Many Burmese had watched the 1 February coup unfold in real time on Facebook, which is the country’s primary source of information and news. But three days later, internet providers were ordered to block the platform for stability reasons.
Following the ban, thousands of users were active on Twitter and Instagram using hashtags to express their opposition to the takeover. By 22:00 local time (15:30 GMT) on Friday access to those platforms had also been denied.
There was no official word from the coup leaders but the AFP news agency said it had seen an unverified ministry document that said the two social media sites were being used to “cause misunderstanding among the public”.
Norwegian telecoms provider Telenor expressed “grave concern” at the move and said it had “challenged the necessity and proportionality of the directive… and highlighted the directive’s contradiction with international human rights law”.
A spokeswoman for Twitter said it had undermined “the public conversation and the rights of people to make their voices heard”, Reuters reports.
Facebook, which owns Instagram, called on the Myanmar authorities to “restore connectivity so that people… can communicate with family and friends and access important information”.
How are Burmese reacting to the coup?
Myanmar, which is also known as Burma, has remained mostly calm in the aftermath of the coup.
But there have been a number of demonstrations in different parts of the country, with residents in some cities conducting nightly protests from their homes, banging pots and pans and singing revolutionary songs. There have also been daytime flash mobs.
At Friday’s demonstration in Yangon, hundreds of teachers and students displayed the three-finger salute – a sign that has been adopted by protesters in the region to show their opposition to authoritarian rule. “We will not let our generation suffer under this kind of military dictatorship,” student Min Sithu told AFP.
The BBC’s Nyein Chan in Yangon says the Burmese know very well the violent crackdowns the military is capable of, so for now there are no widespread street protests. But now people have had time to digest what is happening, they are finding different ways to fight back and get their voices heard.
Why did the coup take place?
The coup took place as a new session of parliament was set to open.

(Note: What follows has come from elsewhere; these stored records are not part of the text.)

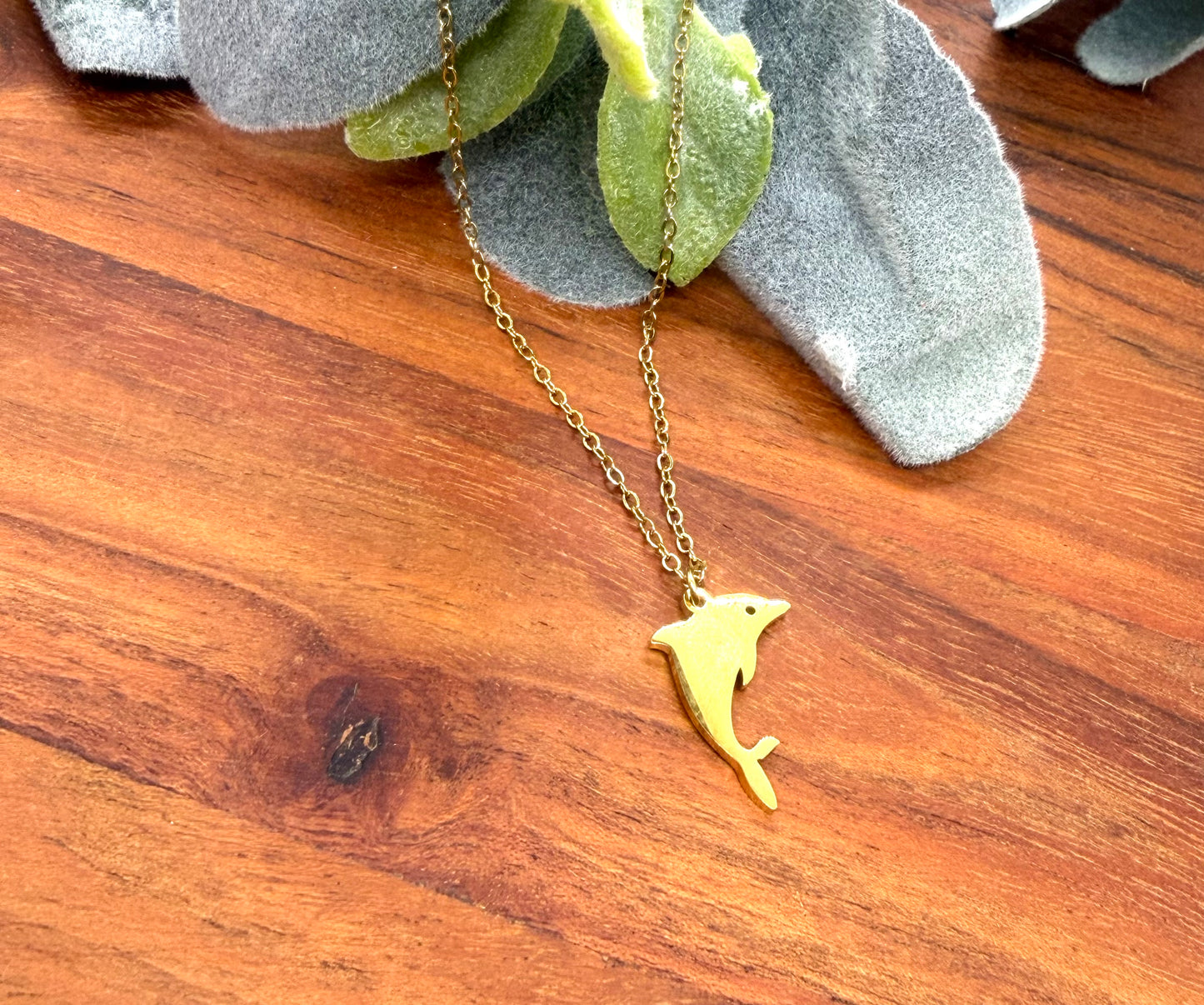Dolphin Necklace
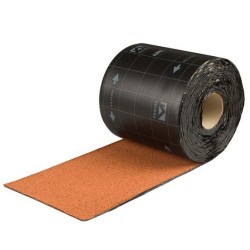 Ubiflex Standaard 333mm x 12m rood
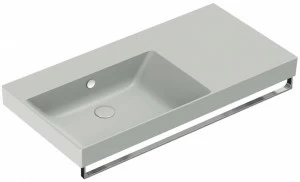 110SZEUPCS Накладная раковина под столешницу  овальная CERAMICA CATALANO Colori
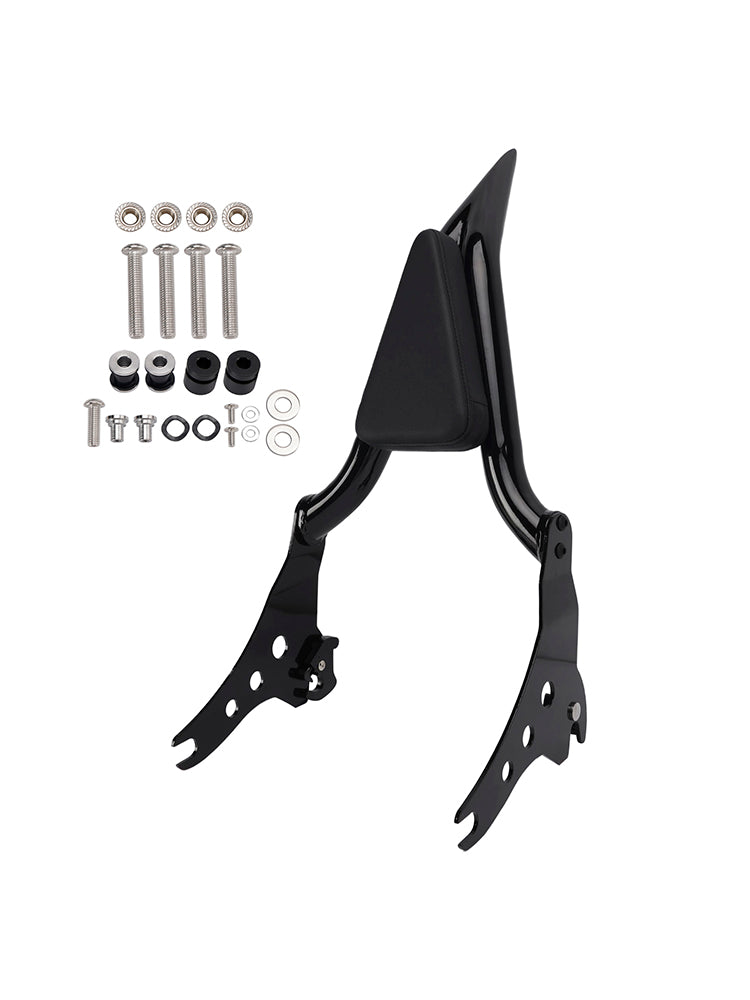 2021-2024 Harley FXBB 107 2018-2020 FXBBS 114 Passenger Sissy Bar Backrest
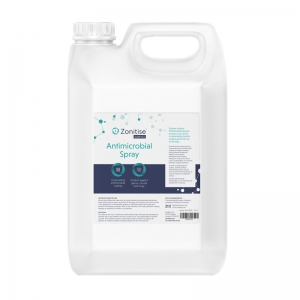 B4800 Zonitise Anti-microbial Surface Coating   5lt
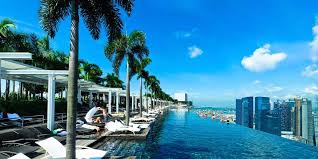 The marina bay sands, a dazzling entertainment complex that combines a luxury hotel, convention and exhibition facilities, theaters, an upscale. Inside Marina Bay Sands The World S Most Instagrammed Hotel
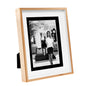 Gold Picture Frame Gramercy | Cabothousefurniture.com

It followed November’s landslide election win by the NLD – which the military claimed was fraudulent, though the country’s election commission said there was no evidence to back up those allegations.
The military has declared a year-long state of emergency and power has been handed over to Commander-in-chief Min Aung Hlaing.
The move has been met with global outrage. On Thursday, US President Joe Biden called on the military to “relinquish power” and release detained officials and activists. The US had already threatened severe sanctions on Myanmar.
However, the military is seemingly undeterred, continuing down its path of consolidating power and appointing new ministers, says the BBC’s South East Asia correspondent Jonathan Head.
The UN Security Council also called on the military authorities in Myanmar to release Ms Suu Kyi and other detained leaders – but stopped short of condemning the coup. In doing so, it has brought China and Russia behind a call for her release, in what our correspondent has described as a rare show of international unity.
Myanmar at a glance
Myanmar is a country of 54 million people in South East Asia which shares borders with Bangladesh, India, China, Thailand and Laos.
It was ruled by an oppressive military government from 1962 to 2011, leading to international condemnation and sanctions.
Aung San Suu Kyi spent years campaigning for democratic reforms. A gradual liberalisation began in 2010, though the military still retained considerable influence.
A government led by Ms Suu Kyi came to power after free elections in 2015. But a deadly military crackdown two years later on Rohingya Muslims sent hundreds of thousands fleeing to Bangladesh.
It triggered a rift between Ms Suu Kyi and the international community after she refused to condemn the crackdown or describe it as ethnic cleansing.
She has remained popular at home and her party won again by a landslide in the November 2020 election. But the military have now stepped in to take control once more.